労働の対価としての報酬は、時代共に変化しています。そして、労働基準法で「賃金が労働の対価」と定義されてからも、賃金の捉え方は時代と共に変化しています。

今回は、この賃金の捉え方の変化について歴史から紐解きます。この整理を通じて、経営者として従業員に支払う賃金に対する考えを深める機会にして頂ければ幸いです。

賃金は何に支払っているのか?

民法では、雇用契約のあり方を「労働に従事すること」と「報酬を支払うこと」の債権契約と定められています。そして、労働基準法では「賃金は労働の対価」と定義しています。

では、現代での報酬の主体である賃金は、何に対して支払われているのでしょうか?
この時のポイントとなる考えが、雇用する側と雇用される側のいずれに立っているかという点です。

人に支払う日本式

日本的な考え方は、雇用される側に立っており、人に対して報酬を支払っているという考えがあります。この考え方は「pay for parson」と表現されます。

つまり、日本独自に発展した職能資格制度は、職務を遂行する能力を有する“人”に対して報酬を支払っているとする考え方です。

この職能資格制度には、年齢給や年功給と呼ばれる年齢と共に給料が上がる賃金体系です。これは、経験を積むことで職務を遂行する能力が年齢と共に高まっていくという考えが基本にあります。

仕事に支払う欧米式

一方、欧米的な考え方は、雇用する側に立っており、仕事そのものに対して報酬を支払っているという考えです。この考え方は「pay for job」と表現されます。

欧米の職務等級制度は、仕事と報酬は連動しており、その仕事(職務)に対して報酬を支払うという考え方です。この考えは「同一労働同一賃金」と呼ばれます。

賃金体系の変化からみえてくるもの

以下では、マズローの欲求5段階説とを照らし合わせながら、日本における賃金体系の変化の歴史を「pay for parson」と「pay for job」の立場を紐解きます。

江戸時代

江戸時代には、労働と報酬は直接的に結びついておらず「奉公」という雇用形態(奉公人制度)を取っていました。この奉公制度により、雇う側は雇われる側の衣食住の生理的欲求を満たしていたと言えます。
ここでは「pay for parson」と「pay for job」の中間から、スタートします。

明治時代

明治時代は「出来高給」に代表されるように、工場の働き手である職工は働きに応じて報酬が支払われていました。

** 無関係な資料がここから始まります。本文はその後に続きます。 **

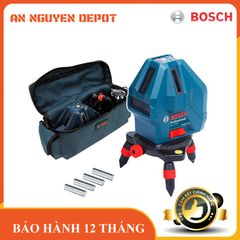 Máy cân mực 5 tia đỏ Bosch GLL 5-50 X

つまり、「出来高給」は、完全な「pay for job」であったと言えます。

大正時代~昭和前半

そして、大正時代から昭和前半の戦後に至るまでに、人に焦点が当たった「生活給(年功給)」が完成します。この生活給により、雇う側は雇われる側の日々の生活に対する金銭的な安全欲求を満たしていました。

つまり、「生活給」は、完全な「pay for parson」であったと言えます。

昭和前半~昭和後半

そして、昭和前半から昭和後半にかけて、職務給という、職務に応じて賃金を支払う「pay for job」の考え方が欧米から入ってきます。しかし、従来の「pay for parson」の考えである生活給(年功給)との均衡を保つことで「職能給」という考えに至ります。

同時に、この「職能給」の賃金制度を含む、職能資格制度(等級制度)が確立し、雇われる側は、社内出世などを通じて社会的欲求が満たされるようになります。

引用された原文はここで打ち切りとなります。